Well, Shadowkeep sucked and the second episode of Futurama is my all time favorite.

Ardennes
May 12, 2002
Reality took a while to sneak up on the West: was comparatively pro-Western and Xi played it very low key the first couple years of his tenure. It didn’t help that the Crimean crisis made Russia the “bad guy” for a couple more years on top of that. Hell, Biden still can’t decide which one is the bigger threat and the US pretty much locked itself into a two front war.

bedpan
Apr 23, 2008

Ardennes posted:

Reality took a while to sneak up on the West: was comparatively pro-Western and Xi played it very low key the first couple years of his tenure. It didn’t help that the Crimean crisis made Russia the “bad guy” for a couple more years on top of that. Hell, Biden still can’t decide which one is the bigger threat and the US pretty much locked itself into a two front war.

Russia has the GDP of portugal (or some other loser country like that). their army is four divisions. Most of mainstream america consider still Russia's power to be undiminished since the cold war ended.

Ardennes
May 12, 2002

bedpan posted:

Russia has the GDP of portugal (or some other loser country like that). their army is four divisions. Most of mainstream america consider still Russia's power to be undiminished since the cold war ended.

It is a “they are infinitely weak and yet infinitely dangerous” issue.

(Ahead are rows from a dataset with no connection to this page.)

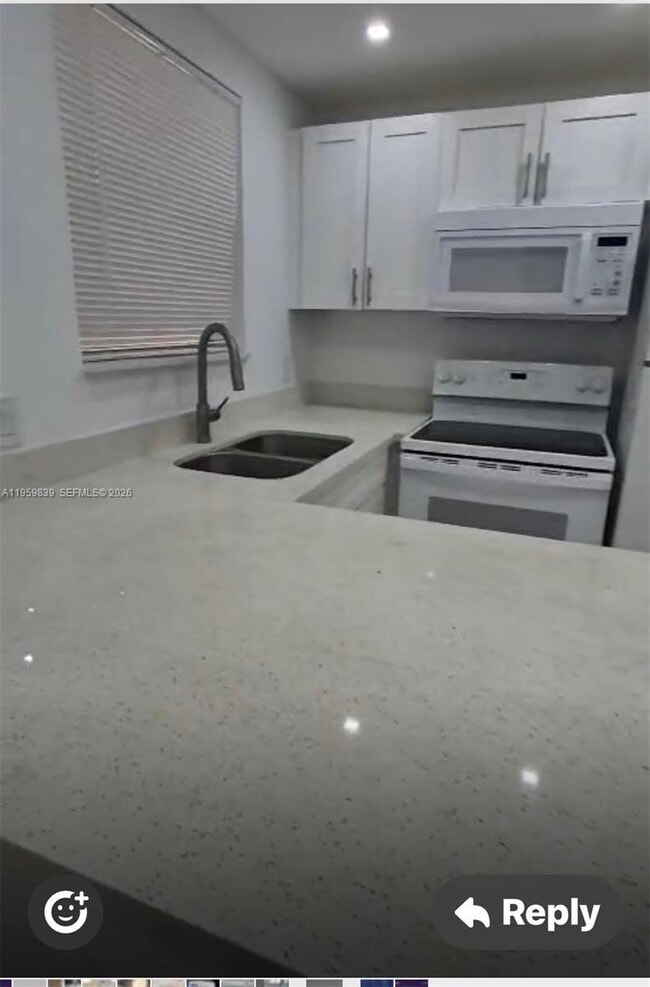 Building Photo - 285 NE 191st St Unit 2907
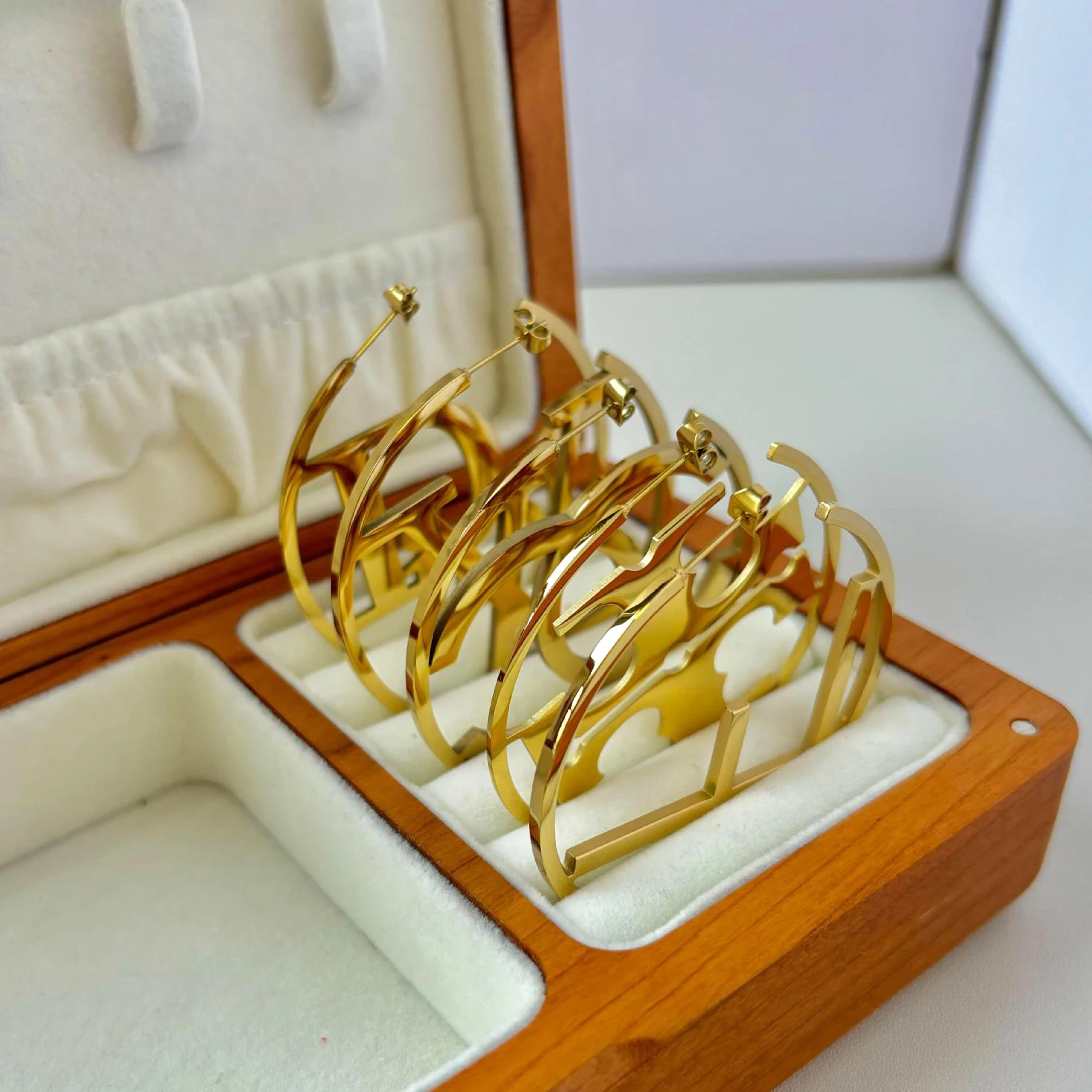 Fashion Brand 5Cm 18K Gold Plated Stainless Steel  V Dc F Latest Style Aretes Designer Big Earrings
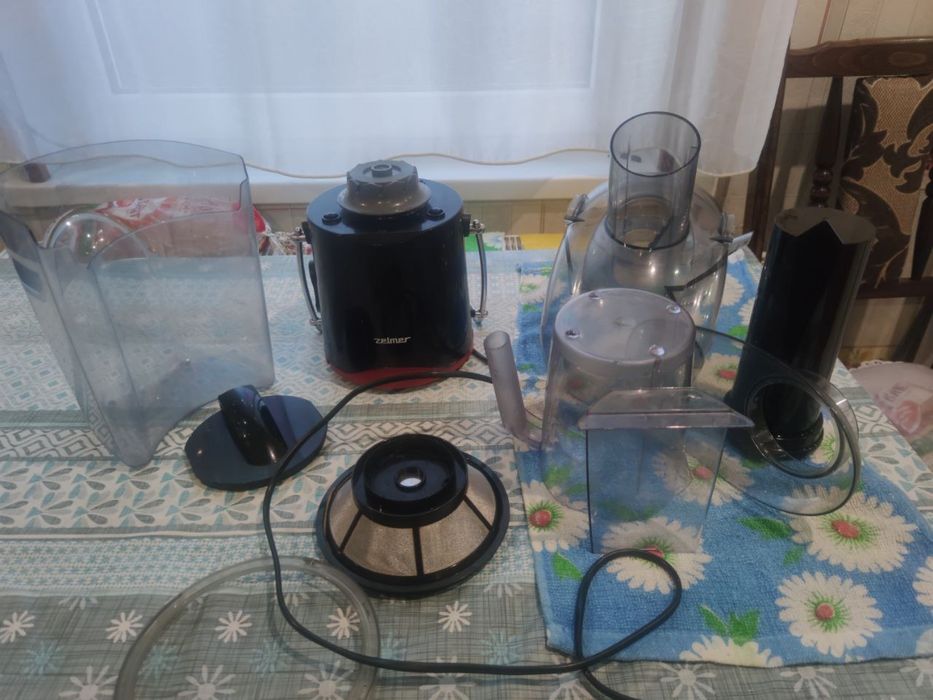Соковижималка Zelmer Тур 496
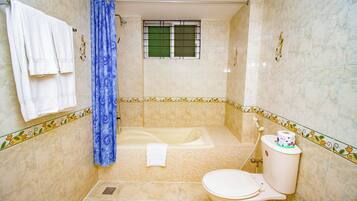 Combined shower/tub, free toiletries, slippers, towels
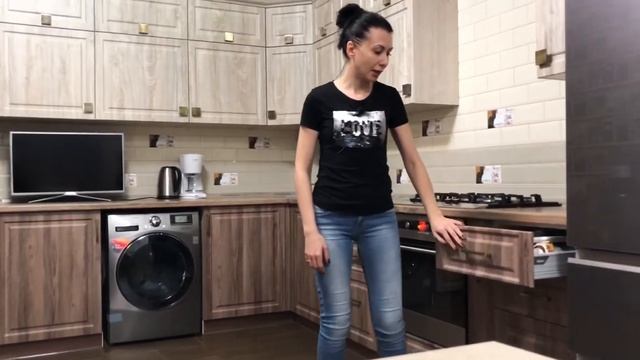 Просторная кухня на заказ Батайск смотреть онлайн
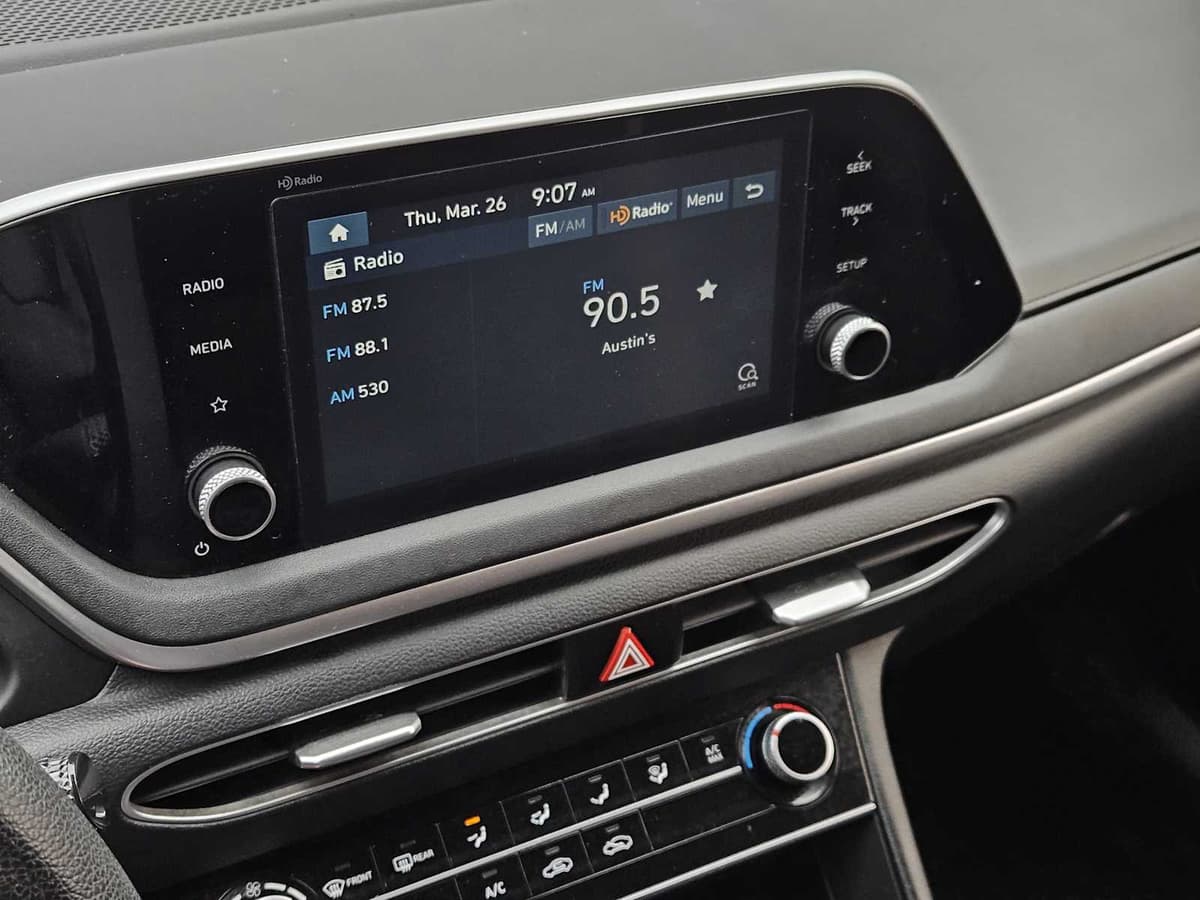 2021 Hyundai Sonata - Image 16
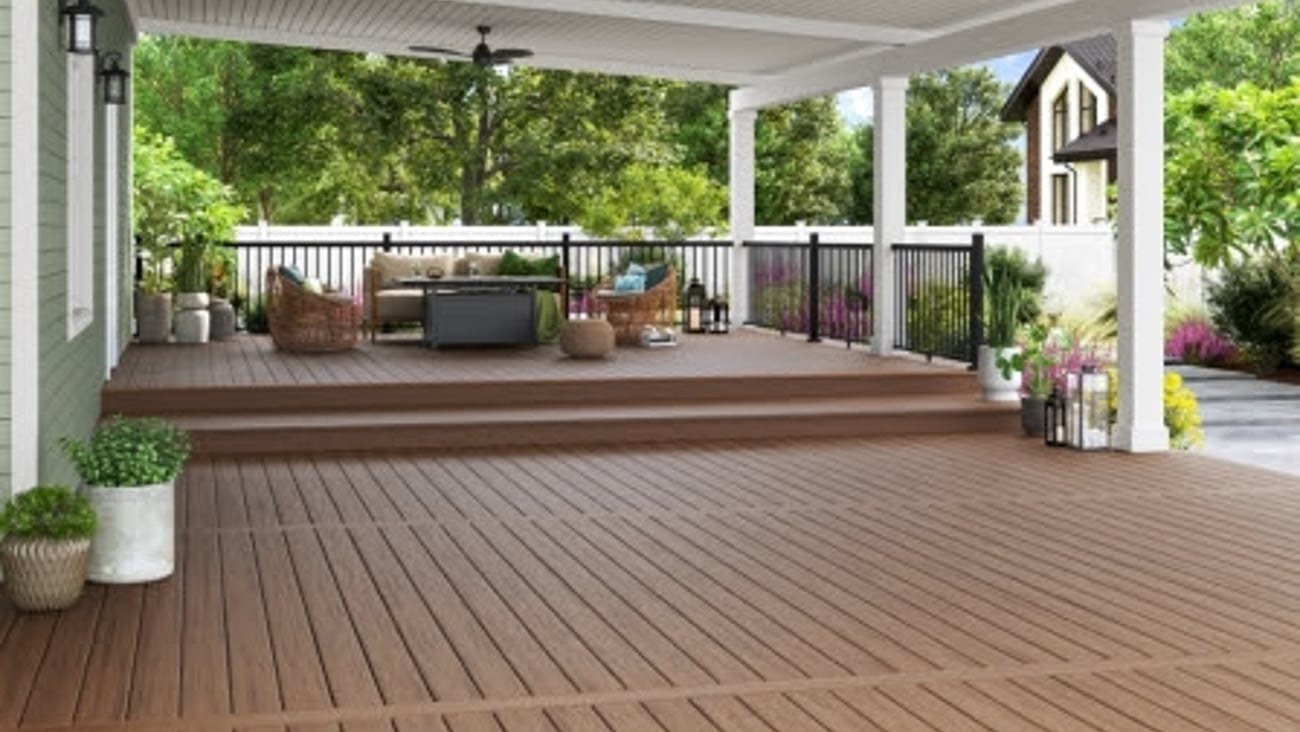 MoistureShield Stratos decking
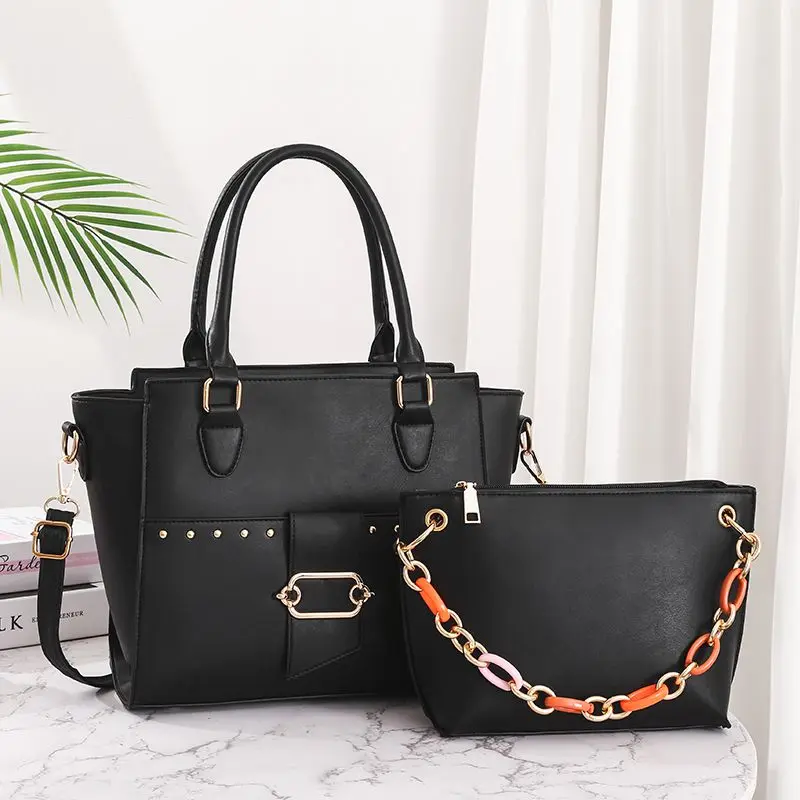 

DL102-23 China factory wholesale metal bags Ladies chain shoulder bags and handbags PU leather handbags set bags simple handbags, Black....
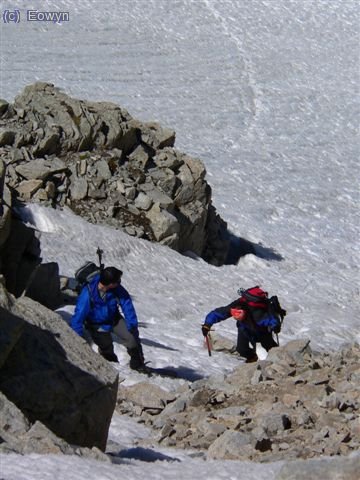 Waldo y Aretha en el corredor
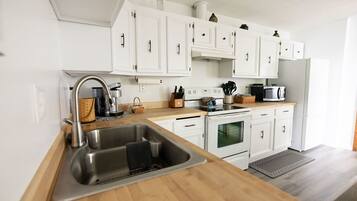 冰箱、微波炉、烤箱、炉灶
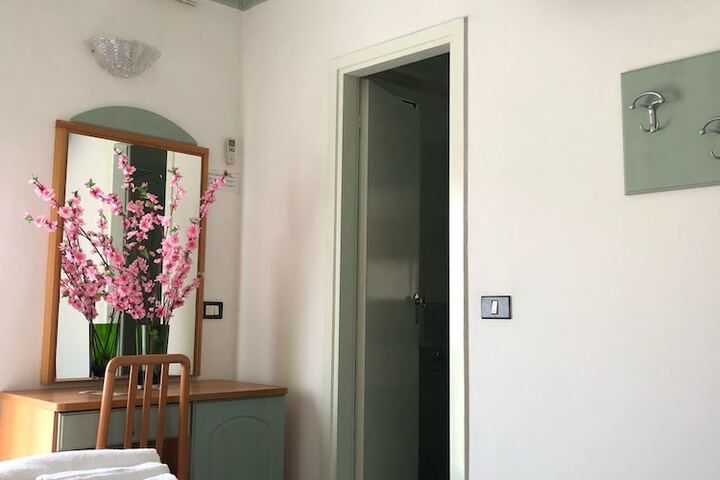 Room 30 of 38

In reality, Russia is still a powerful state but no where the same degree as the Soviets. The US leadership is used to always getting their way so there is no room for compromise and the list of enemies is piling up.

stephenthinkpad
Jan 2, 2020

Ardennes posted:

Reality took a while to sneak up on the West: was comparatively pro-Western and Xi played it very low key the first couple years of his tenure. It didn’t help that the Crimean crisis made Russia the “bad guy” for a couple more years on top of that. Hell, Biden still can’t decide which one is the bigger threat and the US pretty much locked itself into a two front war.

Crimea happened because 2 separated administrations pressed the gas pedal toward Russia when they didn't have to. Bush W expanded NATO to grabbed all the former Soviet client states because W needed some goonies to vote yes in the UN for his Iraqi war. Obama admin and Hilary/Anthony Blinken pushed eastward again into Ukraine because they were too in love with their color revolution tool kit.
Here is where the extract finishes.